The links between genetic make-up and the diseases that afflict us are clearly established and I for one, as a non-specialist, am becoming much more aware of the possibilities that advances in molecular genetics seem to offer for the understanding, prevention and treatment of a wide range of complex diseases. I am aware of the advances that are being made so rapidly despite the very considerable complexities involved. I am also aware of Professor Sir John Burn and his work in identifying people with the gene that causes an inherited form of colorectal cancer, and of the clinical trials to test aspirin and a form of starch as inhibitors of the disease. That opens up the possibility of using simple food additives to prevent the development of that particular type of cancer.

Another area of research in Newcastle has been into a degenerative brain disease which it was previously assumed was a form of Parkinson’s or Huntingdon’s disease. Only by studying in great detail the individual genetic make-up of a large family was it possible to determine the cause of the disease and identify the genetic markers for it. Other research at the Centre for Life in Newcastle has involved the use of highly sophisticated genetic analyses of a large number of families to identify how genetic variability between individuals contributes to the risk of developing cardiovascular disease both in childhood and adulthood. None of those would have been possible without the DNA technologies that have been developed in the past 20 years, and I cannot help but wonder what the next 20 years will bring.

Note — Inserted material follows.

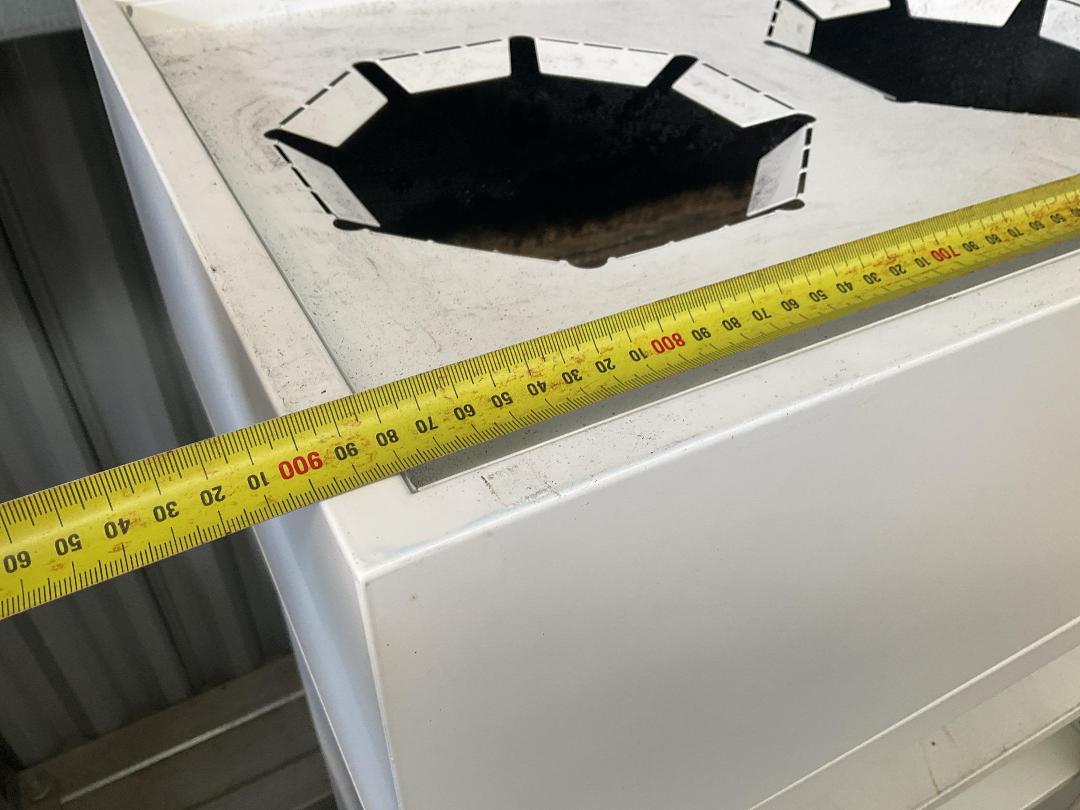 Photo '7' of Metal Office Credenza , Mobile & 2 Planters - White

The advances in our understanding have been little short of extraordinary in the first years of this century, and rightly these advances have given rise to much excitement and enthusiasm. But they also give rise to a number of important issues which are addressed in this helpful report, so I will make a few points about some of the recommendations. First, I turn to the recommendation that the Office for the Strategic Coordination of Health Research should be tasked to,

“take the lead in developing a strategic vision for genomic medicine in the UK with a view to ensuring the effective translation of basic and clinical genomic research into clinical practice”.

That is a really good recommendation, but in the current climate of the culling of quangos, it is necessary to ensure that this body or any other is adequately funded for that purpose. Money spent on getting the strategic vision right is likely to save many times that amount in both waste and application in the absence of such a strategy.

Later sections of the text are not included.